When a coach gets this balance wrong, the child is the one who pays the price. When the balance is right, the child grows safely and steadily, without losing joy.
Two Perspectives, One Goal
Children want to play. They want to feel successful, to see the shuttle fly, to hear the sound of a clean hit. They do not yet understand long-term development, physical limitations, or the patience needed to build proper technique. Their world is now. Their confidence is fragile and changes every session.
Parents want reassurance. They want to know their child is improving, enjoying the sport, building confidence, and not being left behind. They see the bigger picture, but often from a distance, which makes it harder to recognise small but essential improvements.
The coach stands between these two perspectives and tries to show both sides that they actually share the same goal, even if they express it differently.
Timing Matters
Understanding does not arrive on day one. It comes slowly, usually after the child has struggled a bit, improved a bit, and learned to trust that progress takes time. The question is not if it happens, the question is when.
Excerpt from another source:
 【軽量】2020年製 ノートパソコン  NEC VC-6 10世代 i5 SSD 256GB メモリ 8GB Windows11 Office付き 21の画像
If a parent expects results too early, the pressure rises, even unintentionally. If a child pushes too hard without foundations, frustration comes quickly. When the coach judges the timing well, progress feels natural. The child develops, the parent understands the journey, and both sides start to see the value of patience.
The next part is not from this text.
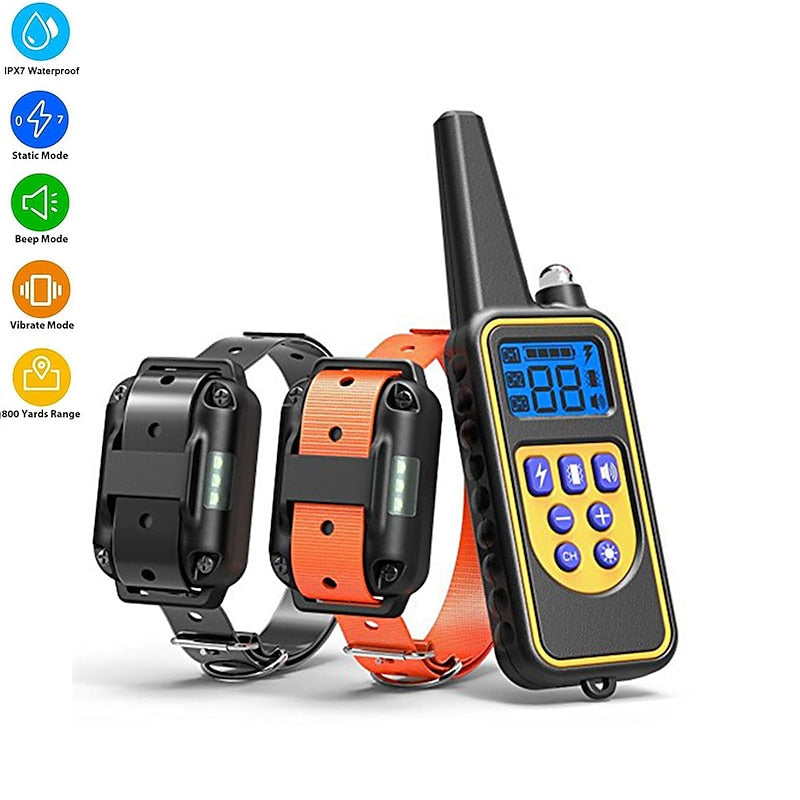 Collier d'entraînement avancé pour chien Heaflex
This is why communication matters. A coach needs to show parents what cannot be seen from the bench and show children what cannot be felt through excitement alone.
Protecting Joy, Reducing Pressure
If we are not chasing performance, only a healthy child, then the priorities change. We focus on movement quality, coordination, rhythm, physical literacy, and confidence. The goal is not medals, but consistency, enjoyment, and a strong connection to the sport.
In this phase, the coach protects the child from unnecessary expectations. A child should not worry about who they beat, who they lost to, or how quickly someone else develops. Parents should not worry that progress is too slow, because slow progress is still progress and often the safest kind.
The coach makes sure the environment stays enjoyable, structured, and honest. Joy is not childish. Joy is fuel. Without it, long-term development does not exist.
Understanding Will Come, But When?
Every family eventually understands what development really means. That badminton is not a straight line. That children grow unevenly. That confidence disappears and returns. That technique takes time. That a supportive environment matters more than early results.
My role is to guide both sides to that understanding without damaging the child’s spirit. I do not belong to parents and I do not belong to children. I stand between them, supporting both.
And when all three of us align, the child moves forward safely, confidently, and without pressure. That is the real success.